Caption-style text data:
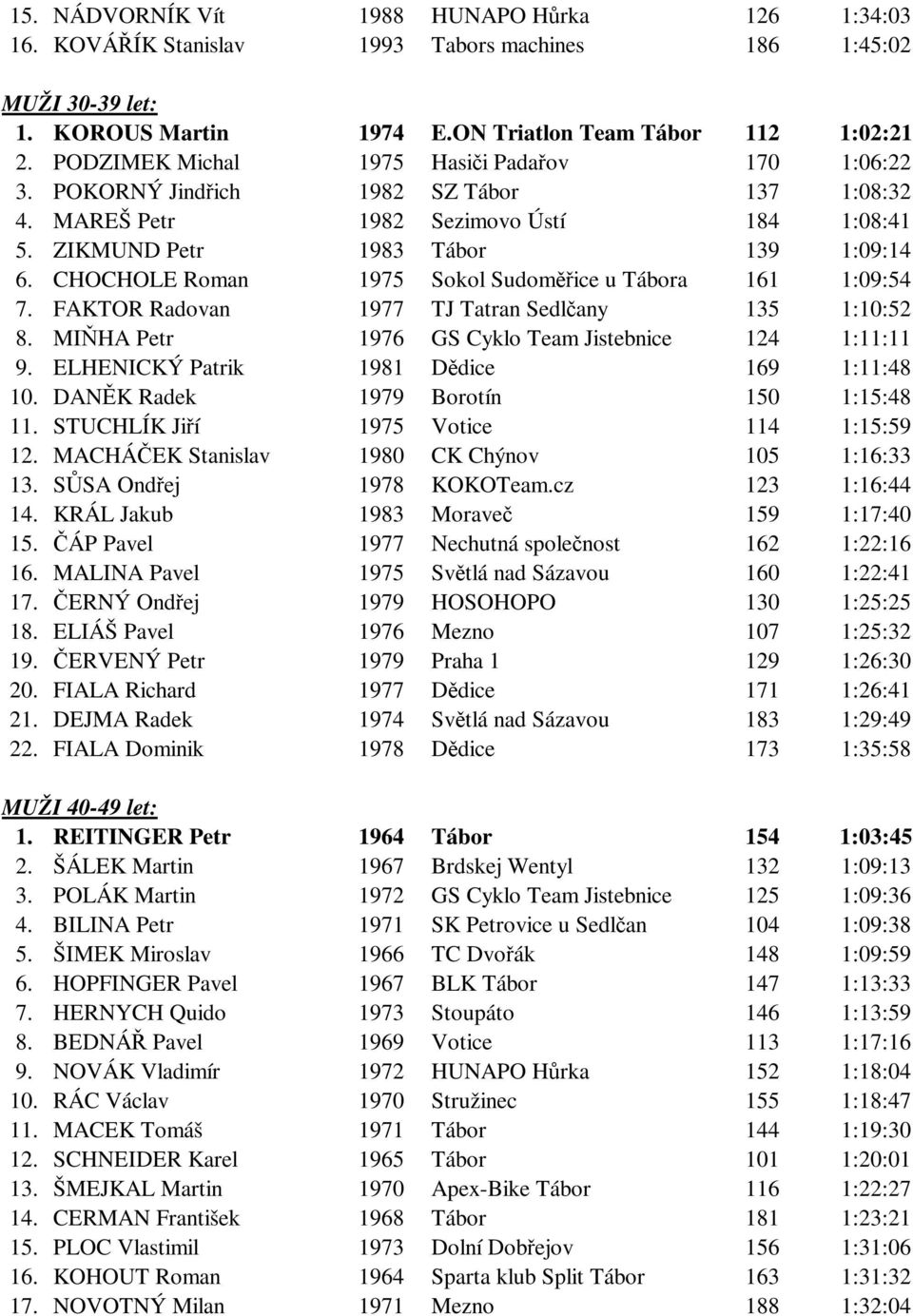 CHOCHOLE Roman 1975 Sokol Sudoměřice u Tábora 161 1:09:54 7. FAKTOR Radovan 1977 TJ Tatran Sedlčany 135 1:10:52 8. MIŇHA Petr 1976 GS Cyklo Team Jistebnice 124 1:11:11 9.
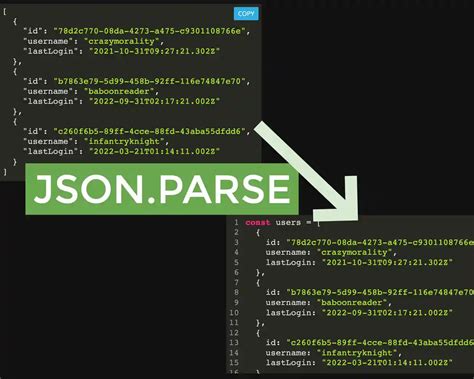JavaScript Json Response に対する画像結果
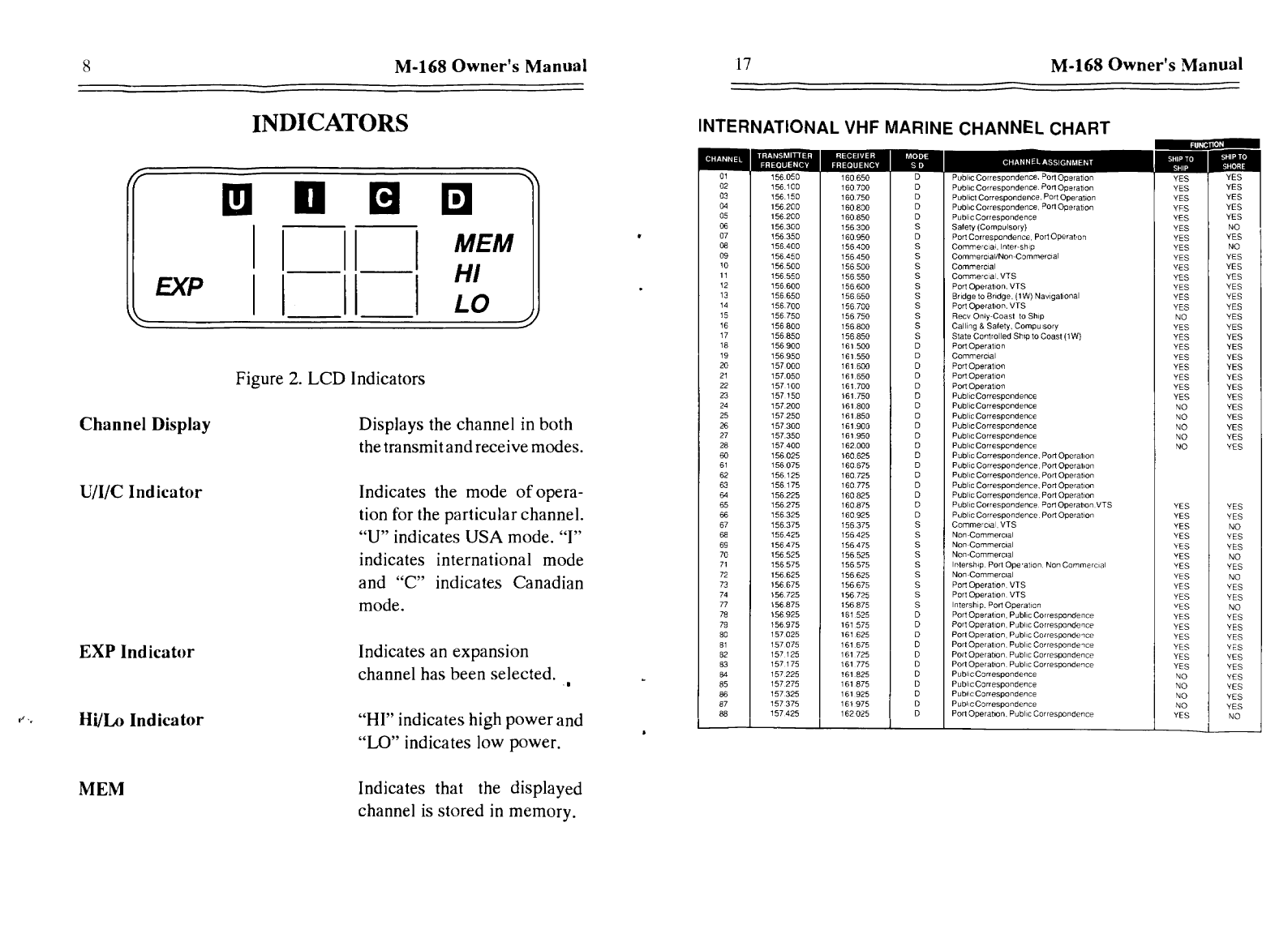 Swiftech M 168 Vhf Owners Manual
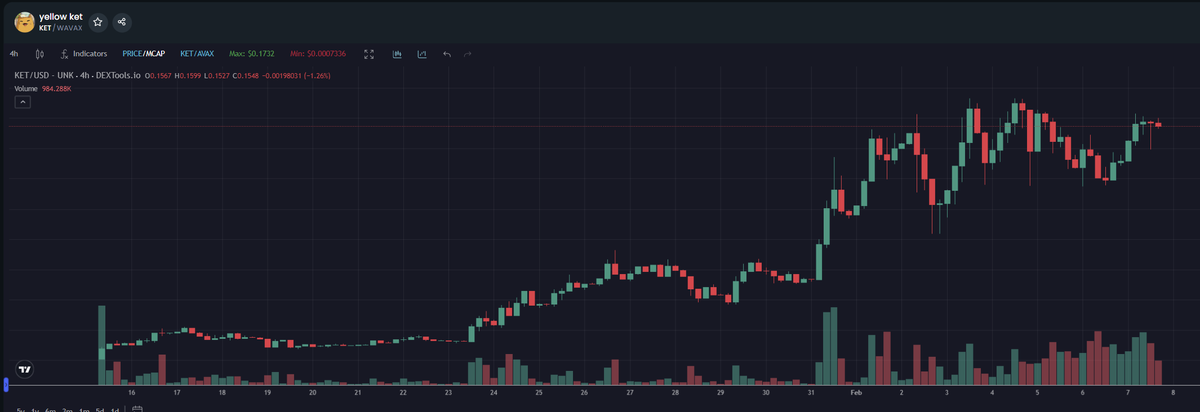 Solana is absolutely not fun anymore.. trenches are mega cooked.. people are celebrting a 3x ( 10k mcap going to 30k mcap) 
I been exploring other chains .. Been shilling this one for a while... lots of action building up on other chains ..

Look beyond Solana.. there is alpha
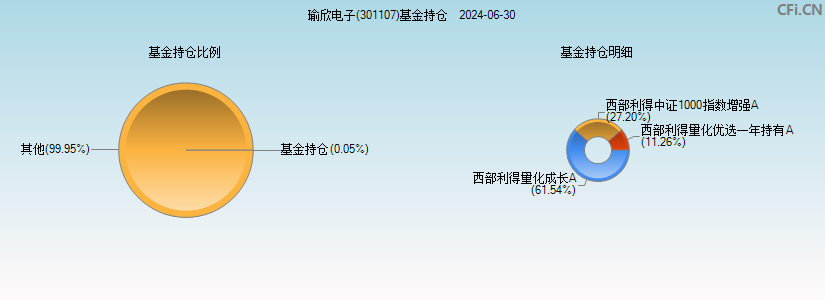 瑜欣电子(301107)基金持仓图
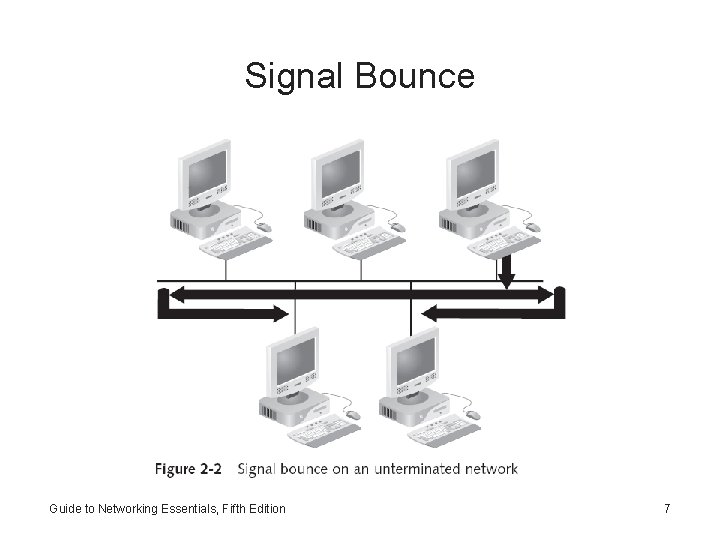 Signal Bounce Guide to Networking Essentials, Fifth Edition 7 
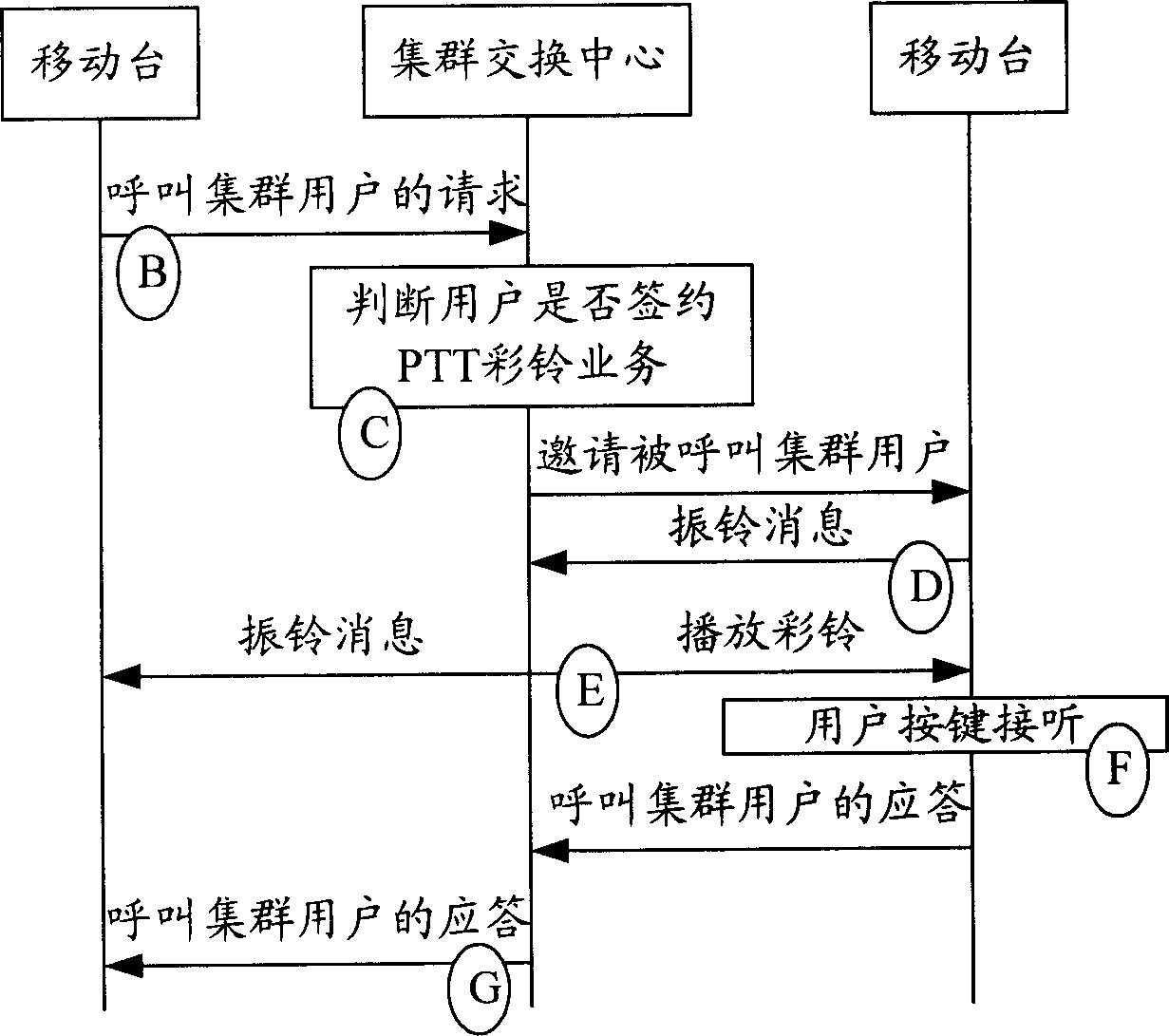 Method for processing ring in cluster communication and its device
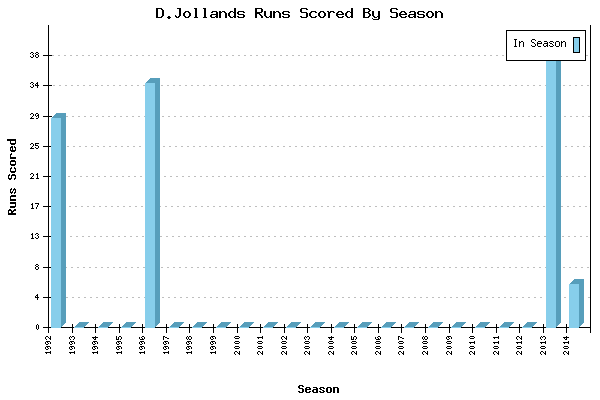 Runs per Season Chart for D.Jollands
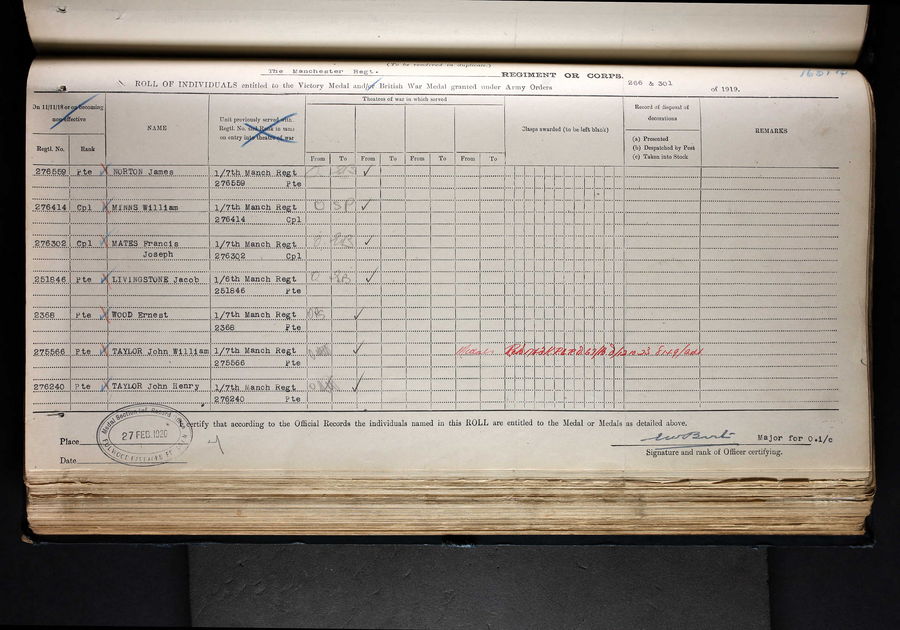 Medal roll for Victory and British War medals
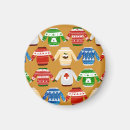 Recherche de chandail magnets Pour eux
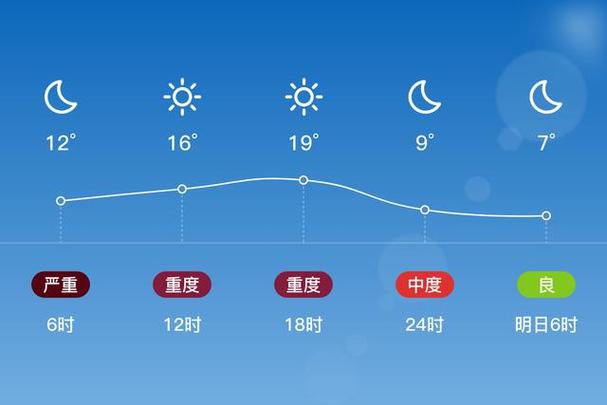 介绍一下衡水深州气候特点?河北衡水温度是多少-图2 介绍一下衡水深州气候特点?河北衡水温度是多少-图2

**Work request:** Line by line, retype the records above exactly, minus the images.

**Reply to the task:**
 CHOCHOLE Roman 1975 Sokol Sudoměřice u Tábora 161 1:09:54 7. FAKTOR Radovan 1977 TJ Tatran Sedlčany 135 1:10:52 8. MIŇHA Petr 1976 GS Cyklo Team Jistebnice 124 1:11:11 9.
JavaScript Json Response に対する画像結果
 Swiftech M 168 Vhf Owners Manual
 Solana is absolutely not fun anymore.. trenches are mega cooked.. people are celebrting a 3x ( 10k mcap going to 30k mcap) 
I been exploring other chains .. Been shilling this one for a while... lots of action building up on other chains ..

Look beyond Solana.. there is alpha
 瑜欣电子(301107)基金持仓图
 Signal Bounce Guide to Networking Essentials, Fifth Edition 7 
 Method for processing ring in cluster communication and its device
 Runs per Season Chart for D.Jollands
 Medal roll for Victory and British War medals
 Recherche de chandail magnets Pour eux
 介绍一下衡水深州气候特点?河北衡水温度是多少-图2 介绍一下衡水深州气候特点?河北衡水温度是多少-图2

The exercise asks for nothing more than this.